Bitcoin slid sharply over the weekend, breaking below $76,000 in thin trading and briefly dipping through the $75,000 area as selling accelerated late Saturday into Sunday. The move pushed BTC into a zone that technician Aksel Kibar has identified as a key band of horizontal support, roughly between $73.7K and $76.5K.
The move didn’t come in a vacuum. Macro markets were already in a forced-risk-off posture, with a violent sell-off in precious metals feeding broader deleveraging dynamics, exactly the kind of tape that can amplify weekend volatility when liquidity thins out and stop levels get tested.
Kibar, a Chartered Market Technician and the founder of Tech Charts LLC, said in a series of posts on X that he’s watching the $73.7K and $76.5K closely, but not treating it as an automatic green light for longs. His message to traders: price reaching support is a location, not a signal, and the difference matters most when you’re trying to avoid catching a falling knife.
In several posts dated Jan. 30 and Feb. 1 he stated that his process is built around classical chart patterns rather than “guessing” the low. “Reaching a support area is not in itself a classical chart pattern buy signal,” he wrote. “We need to see a bullish reversal chart pattern forming around support areas. But trading tactics differ. You might have a different way to take advantage of the recent price action.”

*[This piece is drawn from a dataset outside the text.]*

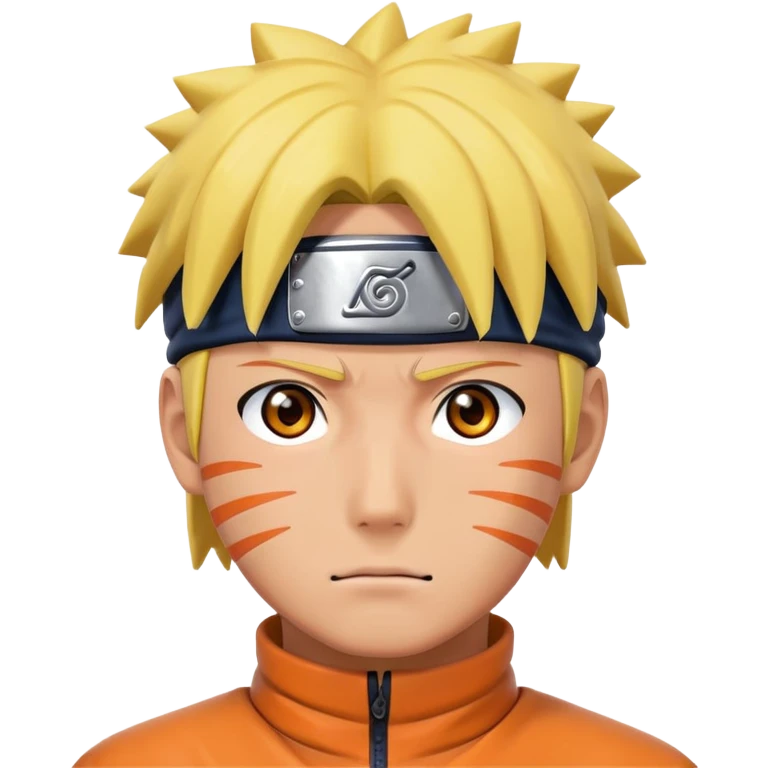 Naruto emoji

Kibar framed the current range as an area where a bottom could form, but emphasized that his approach is to wait for structure, specifically a reversal formation that changes the odds profile. On Jan. 30 he laid out why he won’t chase a level just because it’s on the map.

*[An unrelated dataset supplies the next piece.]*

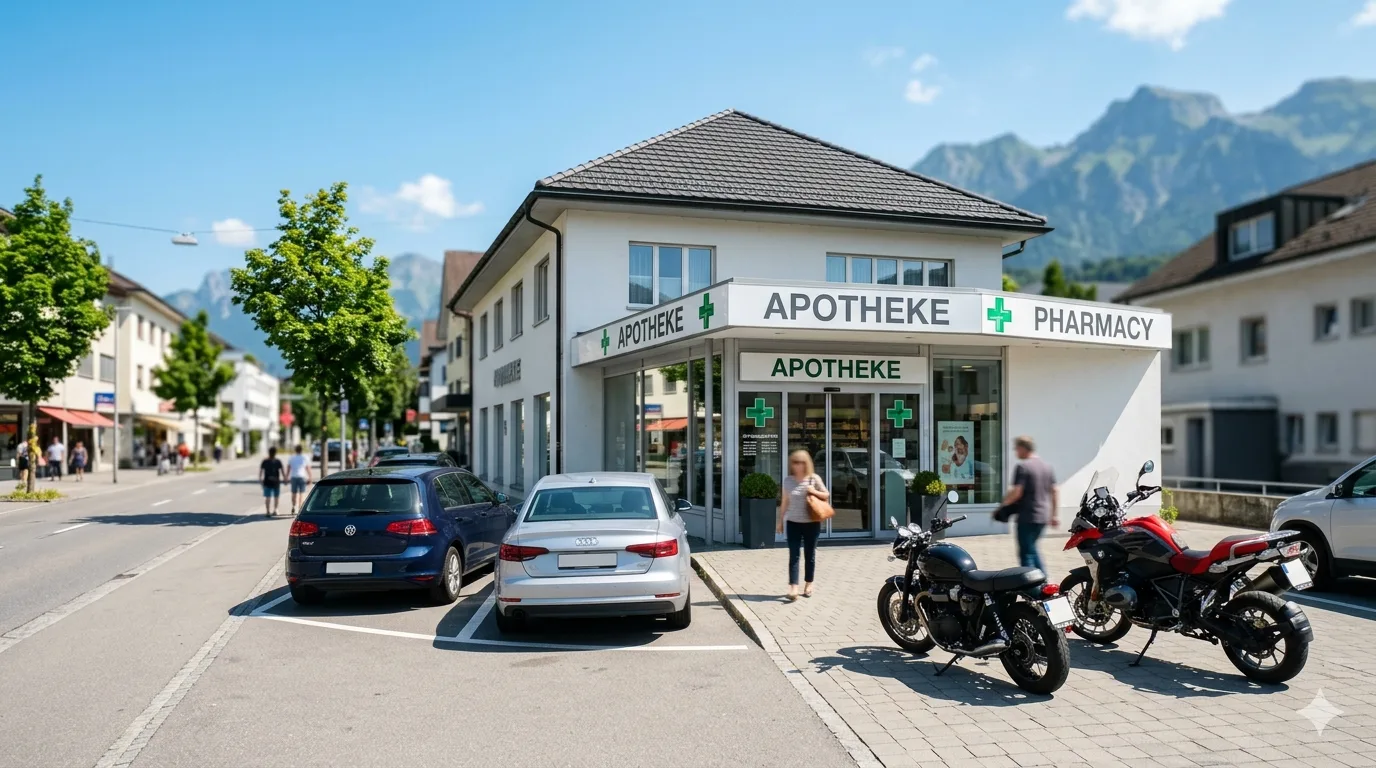 Fiebrig Apotheke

“I’m not interested to find the support because I’m not trying to catch the falling knife,” he wrote. “I’m interested to find a bottom reversal pattern. A double bottom. A H&S bottom. I will always miss the boat if it is a V reversal.” That trade-off is deliberate, he added, and it’s part of knowing your own constraints: “Important to know your strength and weaknesses.”

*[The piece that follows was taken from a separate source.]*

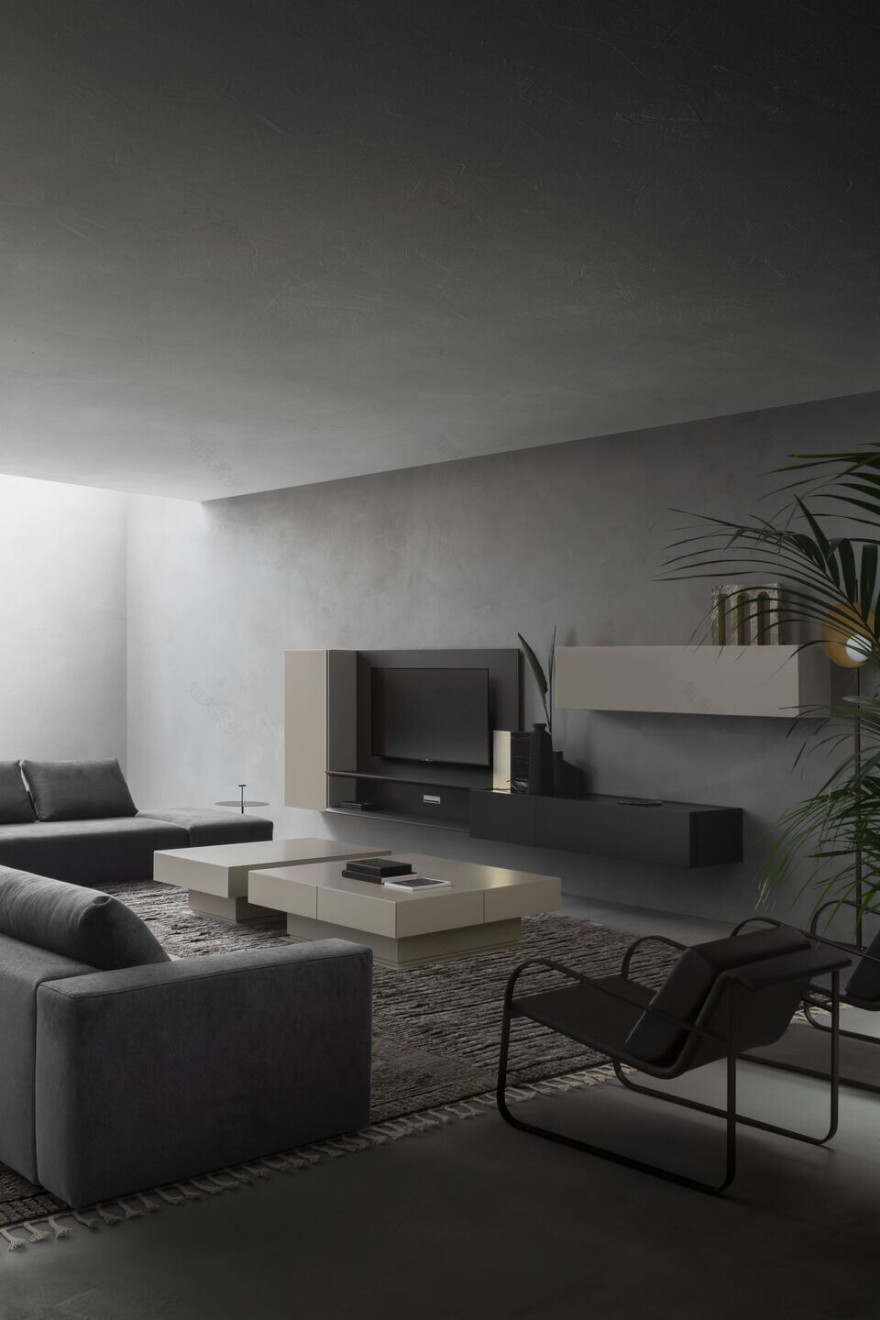 意式极简之光 · Zanette 家具品牌项目赏析丨意大利-14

In a separate post, Kibar linked the “base building” concept to a concrete trigger: a breakout above $91.2K, which he described as the completion point of a double-bottom scenario he had referenced earlier. “When I say we need a base building, some sort of a classical chart pattern (preferably with horizontal boundaries), I’m referring to the breakout above 91.2K (completion of a double bottom),” he wrote, adding that confirmation is “even more crucial because we are below long-term average,” before he can “submit for bullish interpretation.”
Kibar’s posts also pushed back on a common psychological trap in bottom-calling: confusing caution with fear. Responding to an X user who suggested he sounded bullish but reluctant to “make a call” to avoid being wrong, Kibar agreed with the setup but sharpened the motive.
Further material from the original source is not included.